**The problem**. Locate the line containing "#TheLewisPartnership #RedLionStaffs #StaffordshireSauce" in the entries below, then retype it and every later line exactly, leaving out pictures.

▶

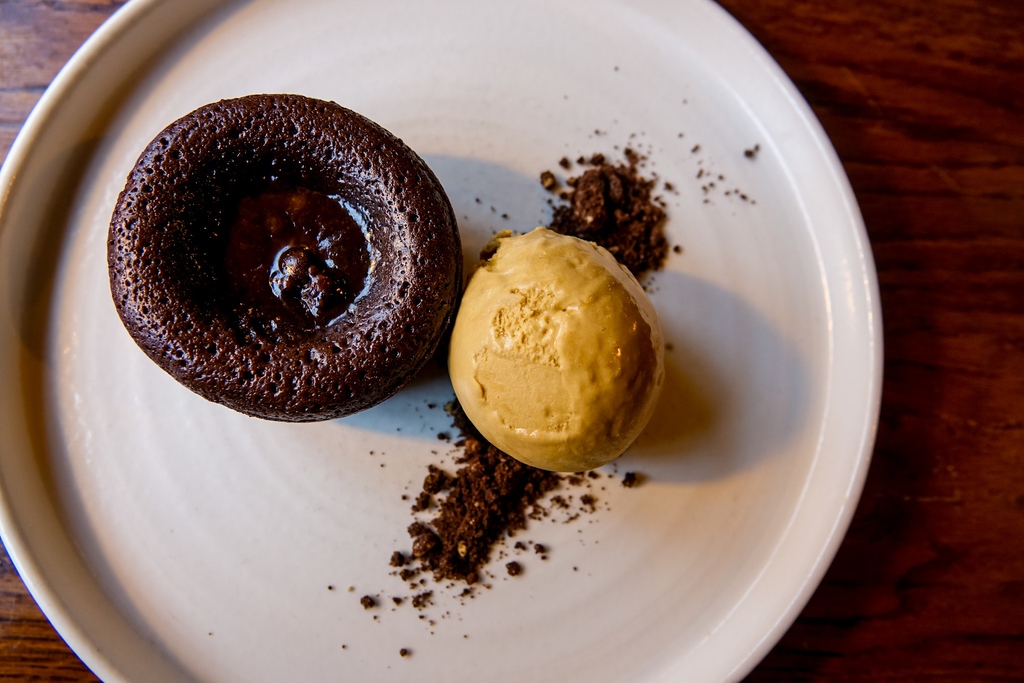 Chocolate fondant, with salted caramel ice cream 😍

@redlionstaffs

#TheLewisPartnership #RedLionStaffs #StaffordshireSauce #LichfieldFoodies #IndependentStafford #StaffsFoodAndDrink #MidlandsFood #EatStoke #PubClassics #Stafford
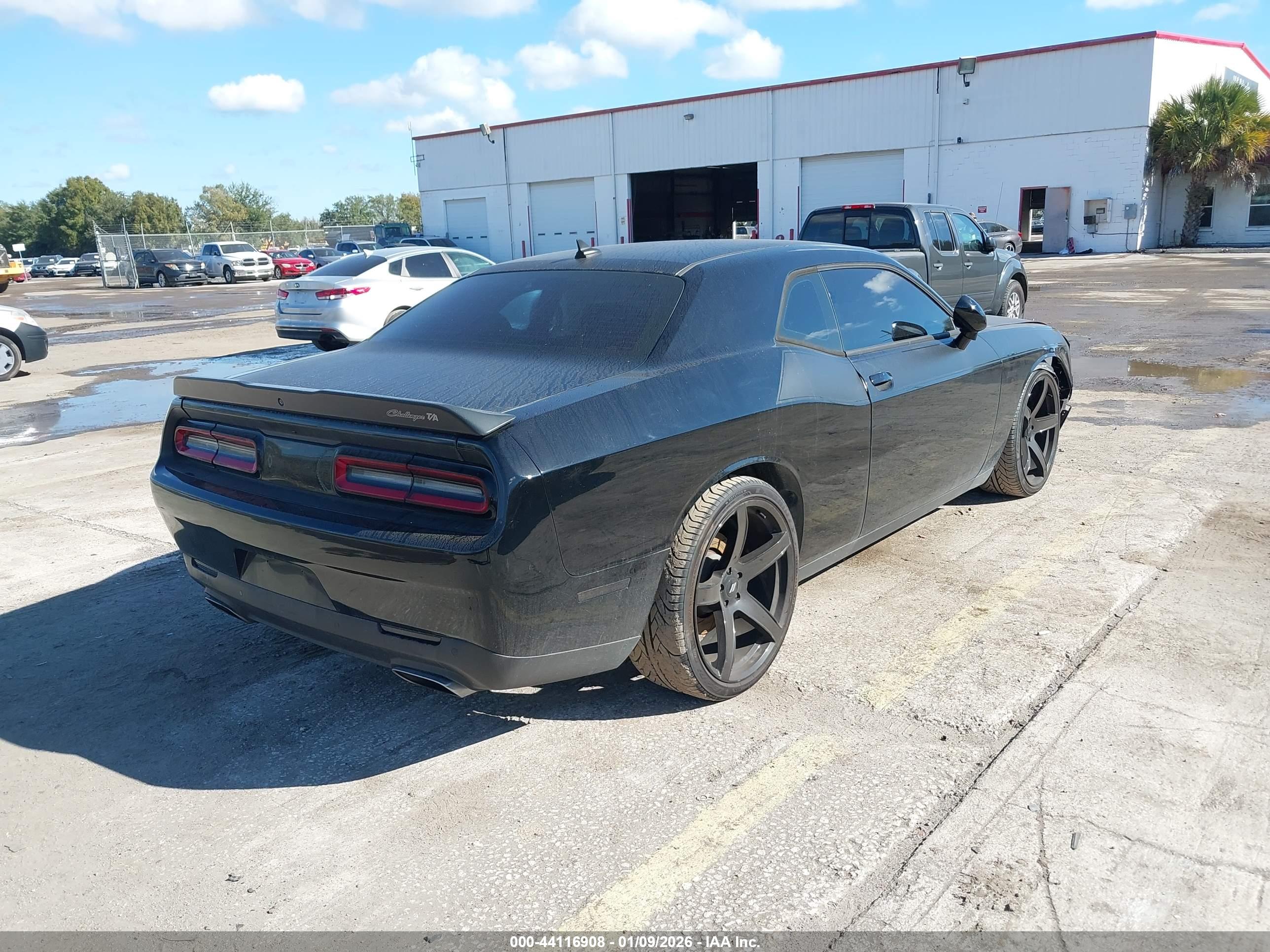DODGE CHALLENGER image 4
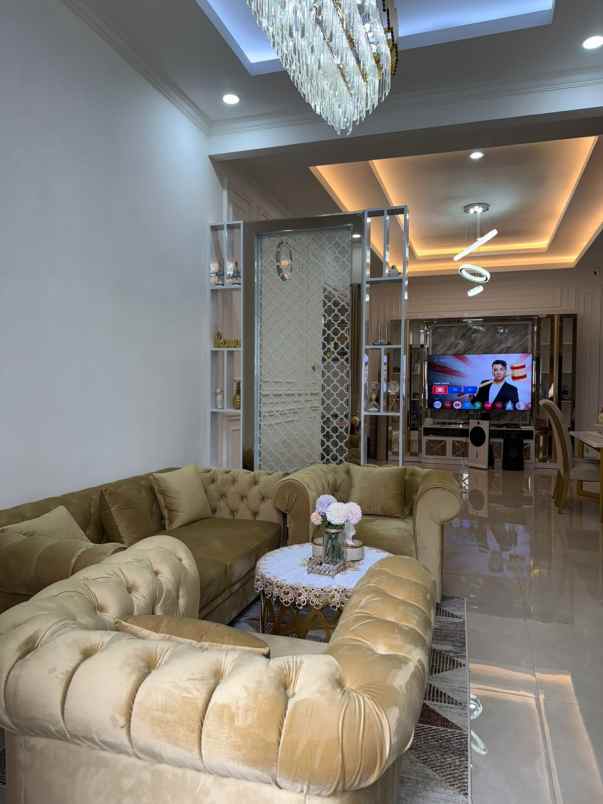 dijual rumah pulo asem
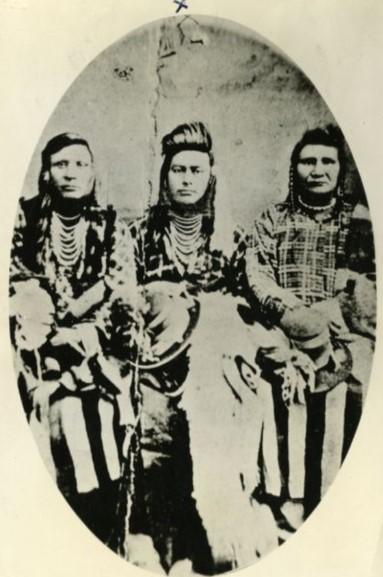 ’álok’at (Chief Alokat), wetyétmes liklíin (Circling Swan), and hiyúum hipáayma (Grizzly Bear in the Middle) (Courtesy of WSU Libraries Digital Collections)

◀

**Expected answer**.
#TheLewisPartnership #RedLionStaffs #StaffordshireSauce #LichfieldFoodies #IndependentStafford #StaffsFoodAndDrink #MidlandsFood #EatStoke #PubClassics #Stafford
DODGE CHALLENGER image 4
 dijual rumah pulo asem
 ’álok’at (Chief Alokat), wetyétmes liklíin (Circling Swan), and hiyúum hipáayma (Grizzly Bear in the Middle) (Courtesy of WSU Libraries Digital Collections)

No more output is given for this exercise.